Pour certains, c'est de la naïveté : « je suis très gentil et je les aide financièrement... ». Pour d'autres, ce sont des dommages collatéraux : « lorsque j'achète ma viande, je ne me demande pas si la bête a souffert avant d'être dans mon assiette... ». Comment responsabiliser les clients de la prostitution ?

Alors que s'achève 2010, année de grande cause nationale consacrée à la lutte contre les violences faites aux femmes (dont la prostitution fait partie), une nouvelle cause s'annonce pour 2011 : la solitude. Ce sera l'occasion de s'occuper de ces « chers » hommes esseulés, qui, d'après les dires de certaines personnes prostituées, viennent les voir comme à une séance de psychothérapie.

Nous parlons principalement des hommes car, même si le paysage prostitutionnel s'est transformé depuis la première enquête sociologique sur les clients du Suédois Sven-Axel Mansson en 1984, les usages de la prostitution demeurent avant tout masculins.

Le client est un Monsieur-tout-le-monde en mal affectif, cherchant une épaule pour être rassuré et surtout, consommant du sexe comme on achète son pain. Il ne veut pas connaître l'envers du décor et ne se sent aucunement responsable des causes et conséquences de la prostitution comme les violences, les trafics, l'argent sale, la corruption...


Un commerce à banaliser à tout prix

Peu à peu, la sexualité s'est transformée en marchandise : il n'est plus question d'une relation intime mais de la consommation d'un produit. De ce fait, le marché du sexe s'est développé et tout un réseau économique s'est tissé pour attirer, divertir et satisfaire le client de la prostitution. Et les marchands de sexe, en particulier dans les pays où la prostitution est légale et organisée, ne manquent pas d'imagination en ce domaine. On parle de business, de chiffres d'affaires, de rentabilité, de recherche de nouveaux profits...

En Allemagne, on propose des tarifs spéciaux aux retraités et aux chauffeurs de taxi, des forfaits « deux pour le prix d'un » ou encore, crise oblige, des formules discount comprenant sexe, boissons et nourriture à volonté où le client « fait tout ce qu'il veut, autant qu'il le veut, aussi longtemps qu'il le peut »...

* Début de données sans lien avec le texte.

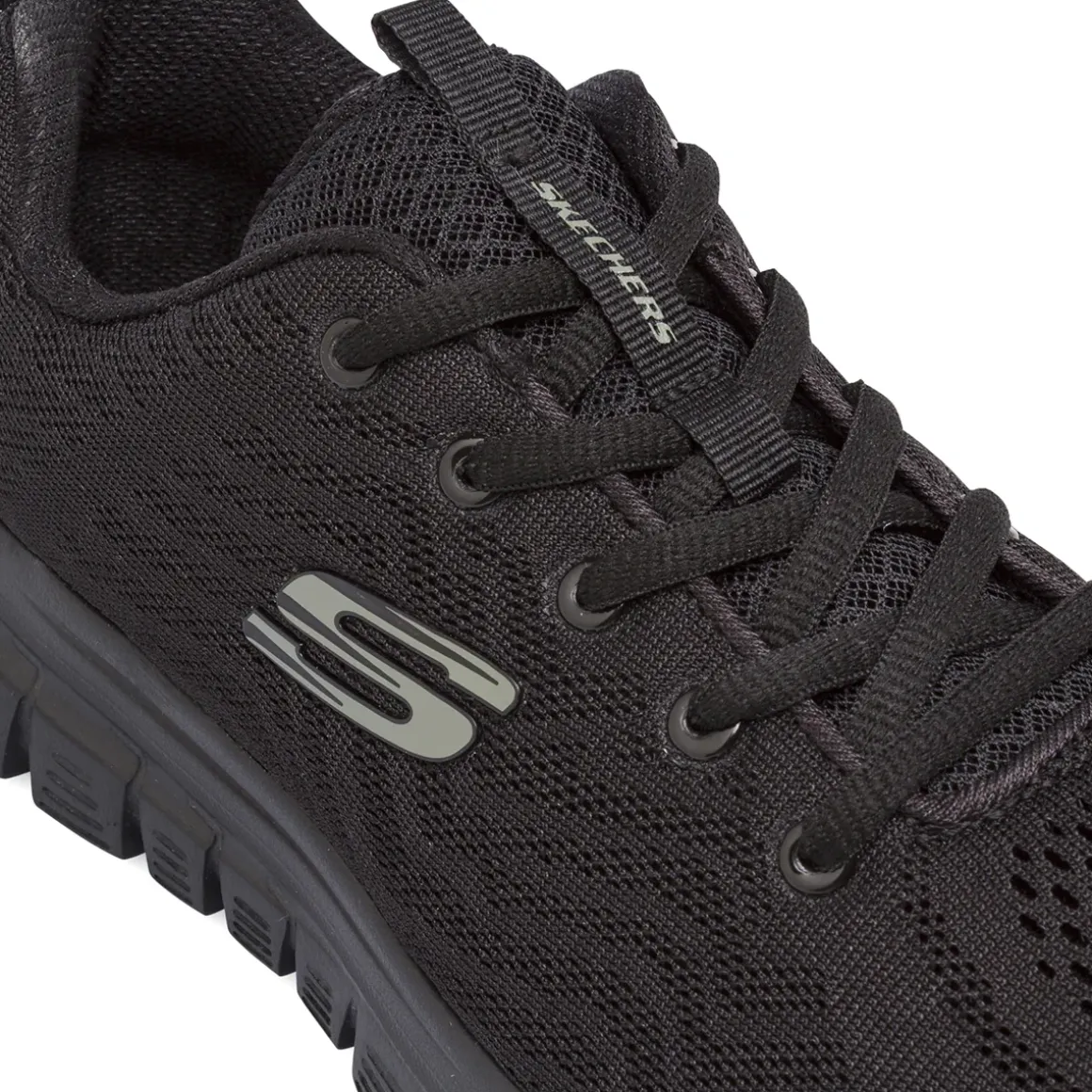 Scarpe sportive nere da Donna Skechers Wide Fit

En Suisse, suite à des plaintes d'habitants vivant à proximité des quartiers de prostitution, la police zurichoise a proposé en septembre dernier d'installer des sex-boxes, sorte de drive-in du sexe sur le modèle allemand. Grâce à trois panneaux métalliques sommaires, le client peut garer sa voiture dans un espace à l'abri des regards, tandis qu'un couloir passager permet à la personne prostituée de monter et descendre du véhicule. Quel romantisme !

Peut-on aller plus loin dans l'organisation et la banalisation de l'activité prostitutionnelle ? Oui ! Aux Pays-Bas, fer de lance du réglementarisme, une agence de voyage fait visiter le quartier d'Amsterdam avec un guide, comme une véritable attraction touristique, tarif réduit pour les enfants de moins de 12 ans et gratuit pour les moins de 4 ans.

L'achat d'actes sexuels est devenu tellement banal que la plupart des clients l'assument pleinement. Le « consommateur » se croit tout permis, se sent légitime dans sa démarche où rien n'est grave.


Le client sort de l'anonymat

Si l'industrie du sexe se porte bien, c'est grâce aux clients, de plus en plus nombreux. Beaucoup de pays, même ceux qui ont légalisé la prostitution, reconnaissent que c'est la demande qui crée l'offre et que le client est le premier acteur et responsable de ce système. Un pas de plus est bien franchi vers la reconnaissance du rôle premier du client.

Pourtant, face à ce déploiement de moyens pour faire consommer du sexe, comment dire au client que la prostitution est une violence à l'égard de l'être humain ? Comment lui expliquer pourquoi certains pays organisent ce commerce en toute légitimité et impunité, alors que d'autres pays le condamnent et l'interdisent ? Comment lui faire comprendre qu'il est au cœur de l'échange mercantile et que, souvent, il enrichit les réseaux de proxénétisme et de traite des êtres humains ?

Pour que le client de la prostitution prenne conscience de son acte, faut-il le sensibiliser ? Le pénaliser ? Pas si simple. Il faut avant tout réfléchir à ce qui pousse des hommes à avoir ou non recours à la prostitution.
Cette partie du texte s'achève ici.